Source material:
=======

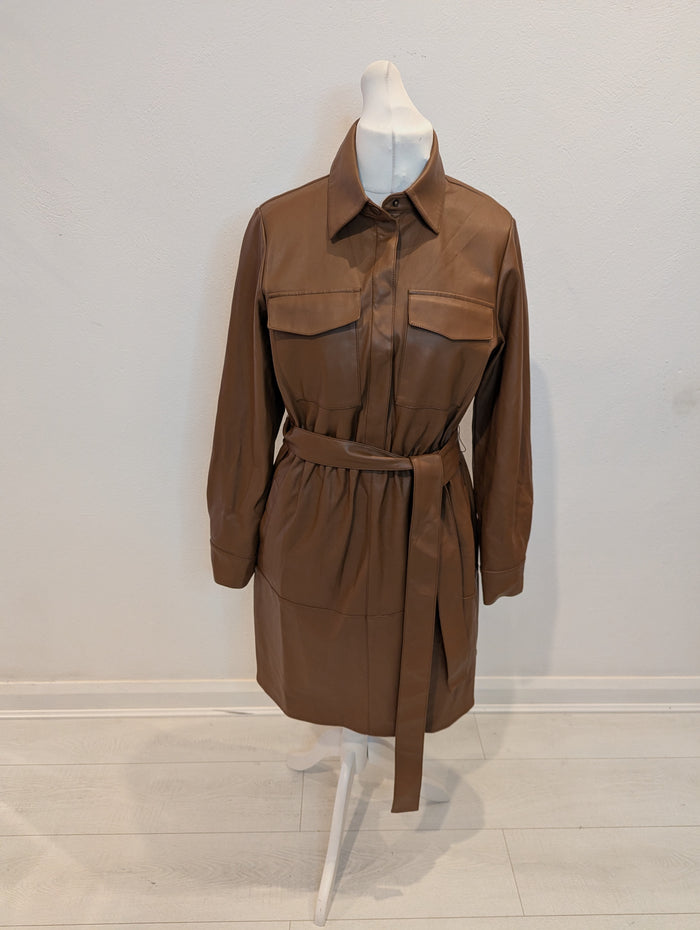 V by Very Brown Pleather Dress NWT 14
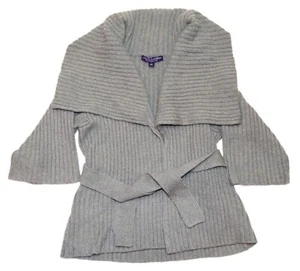 $ 1898 Ralph Lauren Damen Kaschmir Umhang Schal Cardigan Pullover Italien grau Medium - Bild 1 von 6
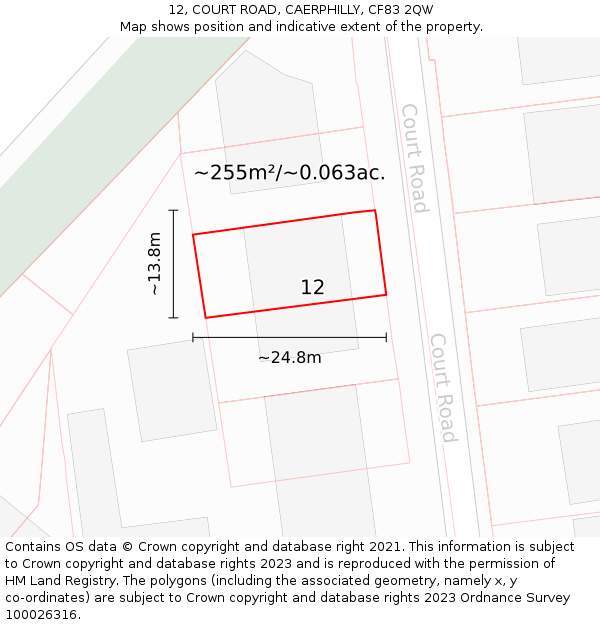 12, COURT ROAD, CAERPHILLY, CF83 2QW: Plot and title map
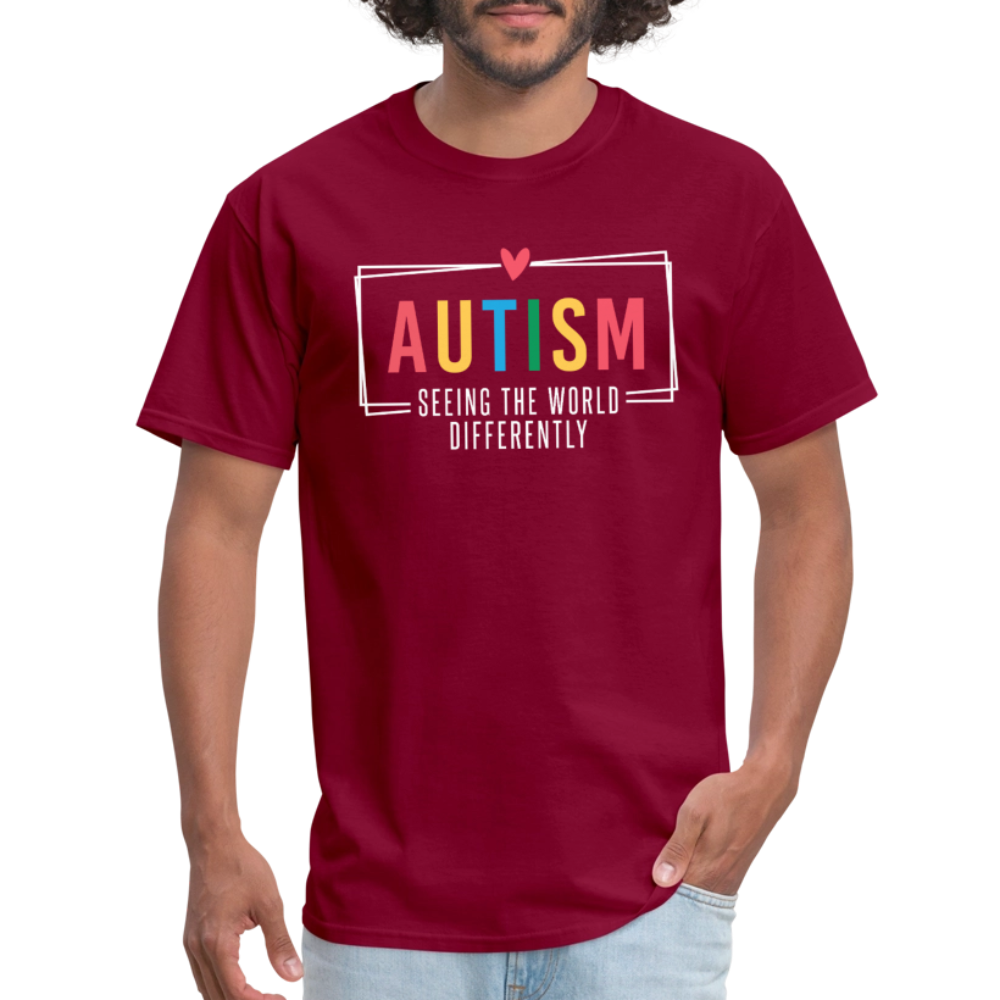 Autism - Seeing The World Differently T-Shirt - burgundy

=======

Your task:
Output the full listing verbatim; pictures stay out.

Task result:
 V by Very Brown Pleather Dress NWT 14
 $ 1898 Ralph Lauren Damen Kaschmir Umhang Schal Cardigan Pullover Italien grau Medium - Bild 1 von 6
 12, COURT ROAD, CAERPHILLY, CF83 2QW: Plot and title map
 Autism - Seeing The World Differently T-Shirt - burgundy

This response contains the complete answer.